• What is expected
Word for word, restate the lines from the top of the records below through the line with "I was reading", both included, with no pictures in the result.

• Entries provided
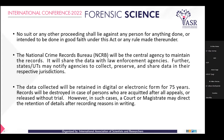The National Crime Records Bureau (NCRB) will be the central agency to maintain the records and will share the data with law enforcement agencies. Further, states and union territories may notify agencies to collect, preserve, and share data in their respective jurisdictions.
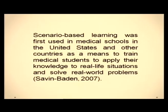Scenario-based learning was first used in medical schools in the United States and other countries as a means to train medical students to apply their knowledge in real-life situations — referenced to Sabina and Biden in 2007. After that, not only in medical science but in many disciplines — engineering, science, technology, law, education, humanities, nursing — people have started using scenario-based learning, and much research has confirmed it is very important for problem-based, skill-based, and other forms of learning.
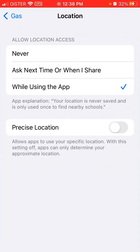I was reading on their website — they basically only need location once to load the list of schools in your area. That's it. After that, location is not needed for the app to work properly. It's not required and you won't have any bugs. That's basically what they recommend.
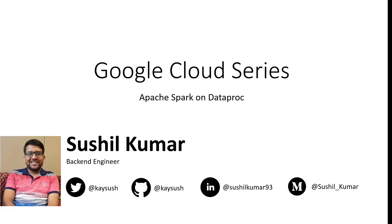Apache Spark has taken over the big data world by storm because of its highly scalable and resilient data processing architecture.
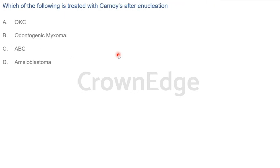Next question: Which of the following is treated with Carnoy's solution after enucleation? Options include OKC, odontogenic myxoma, aneurysmal bone cyst, and ameloblastoma. Enucleation is the treatment of choice for OKC, and it can be combined with curettage. After enucleation, chemical cauterization is used.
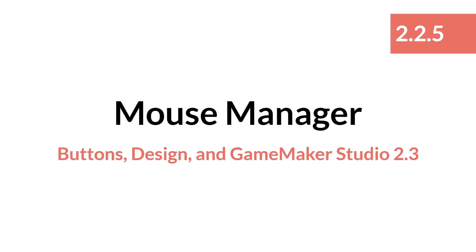Hello everyone, this is Sam Spade, and welcome to another tutorial in the Buttons Design in GameMaker Studio 2.3 series. In this tutorial, we'll be creating a mouse manager and solving the problem that we had in the last tutorial, where we could select multiple buttons at the same time.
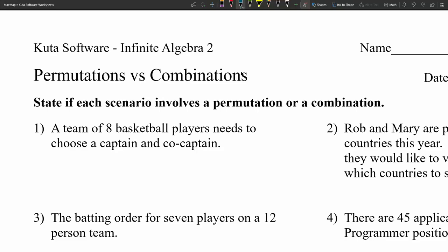Hello everyone. In today's video we're going to go over the CUDA software Infinite Algebra 2 free worksheet on permutations versus combinations. I'll leave a link in the description below so you know how to access this free worksheet.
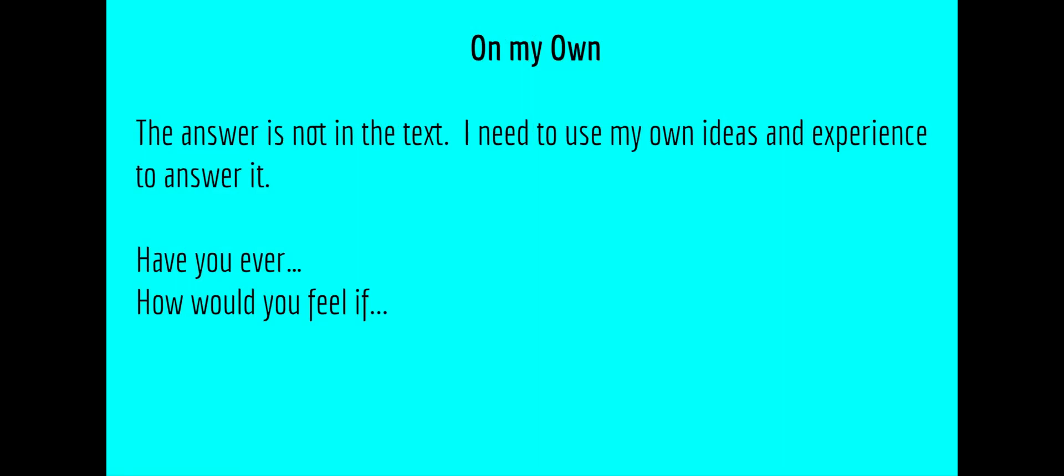Bonus questions are 'on my own' questions. These are questions that a reader needs to use their own ideas and experience to answer. 'Have you ever' or 'how would you feel if' are ways that blue 'on your own' questions might start.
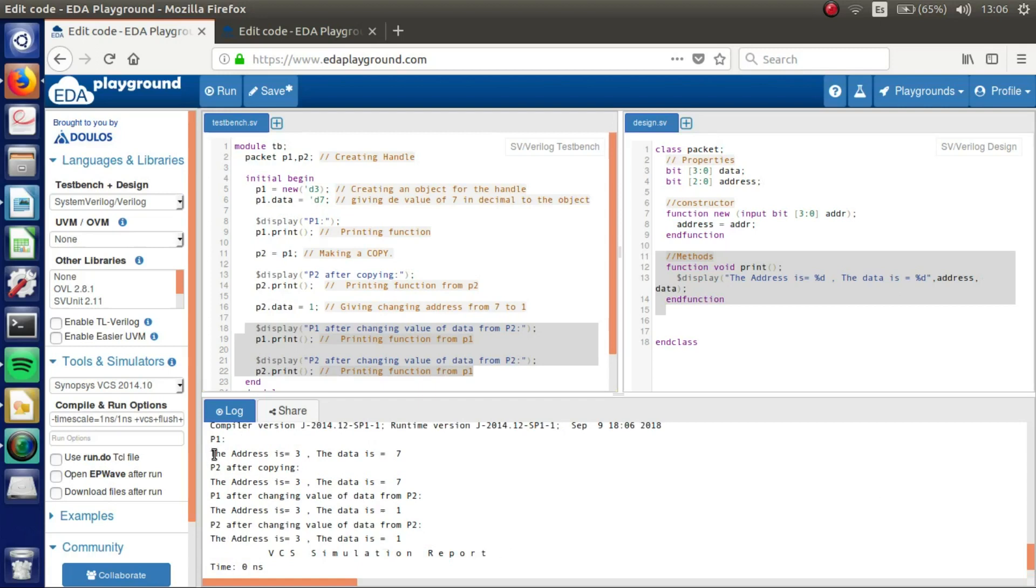We can see first we got P1, the address is 3 and the data is 7. P2 after copying we got 3 and data is 7.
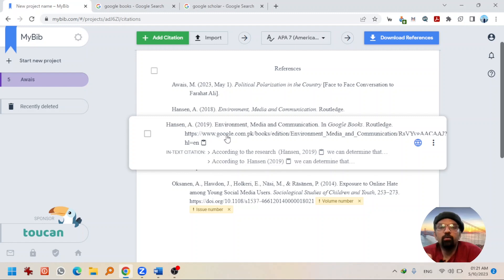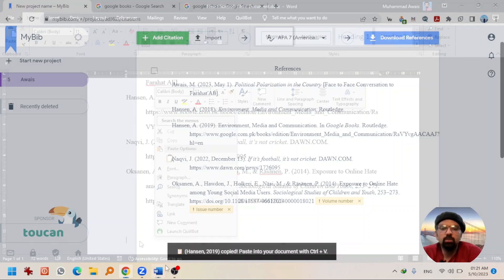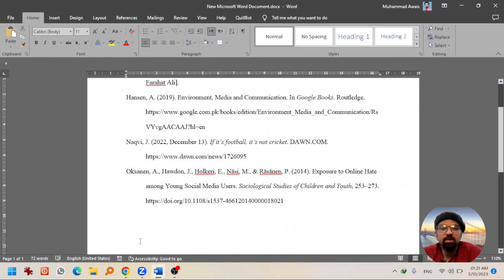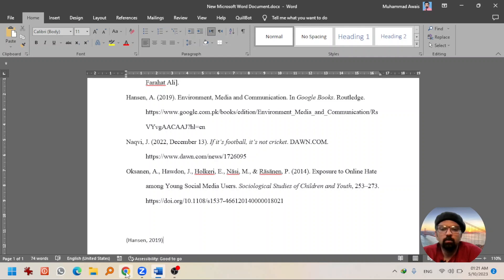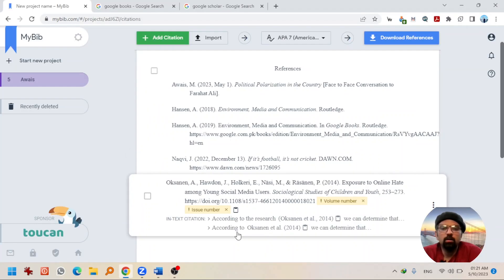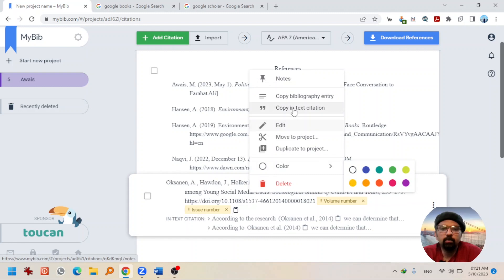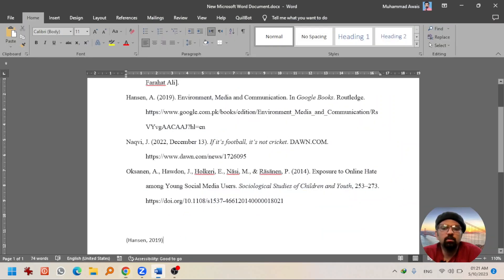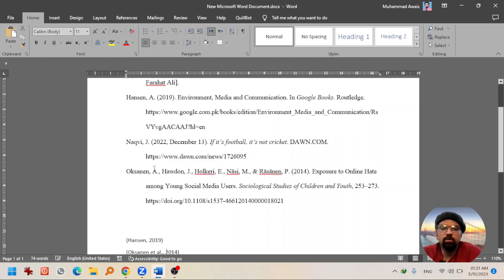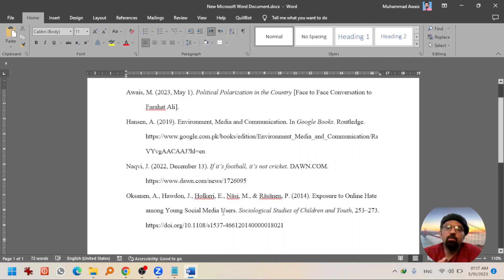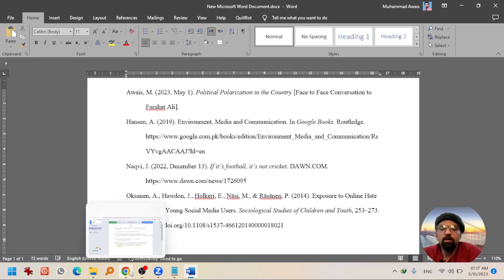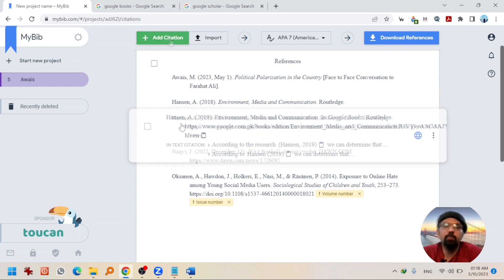And if you want to give in-text citations, right click on any reference. Copy in-text citation. And paste it wherever it is suitable in your text. Taking another example. Copy in-text citation. I'm going to paste it. So, this is how you can create references manually in MyBib. And then copy and paste it into your Word file. And there are number of types available. And there are number of reference styles available. So, this is a very useful website that you can use to create references.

• Response to the exercise
The National Crime Records Bureau (NCRB) will be the central agency to maintain the records and will share the data with law enforcement agencies. Further, states and union territories may notify agencies to collect, preserve, and share data in their respective jurisdictions.
Scenario-based learning was first used in medical schools in the United States and other countries as a means to train medical students to apply their knowledge in real-life situations — referenced to Sabina and Biden in 2007. After that, not only in medical science but in many disciplines — engineering, science, technology, law, education, humanities, nursing — people have started using scenario-based learning, and much research has confirmed it is very important for problem-based, skill-based, and other forms of learning.
I was reading on their website — they basically only need location once to load the list of schools in your area. That's it. After that, location is not needed for the app to work properly. It's not required and you won't have any bugs. That's basically what they recommend.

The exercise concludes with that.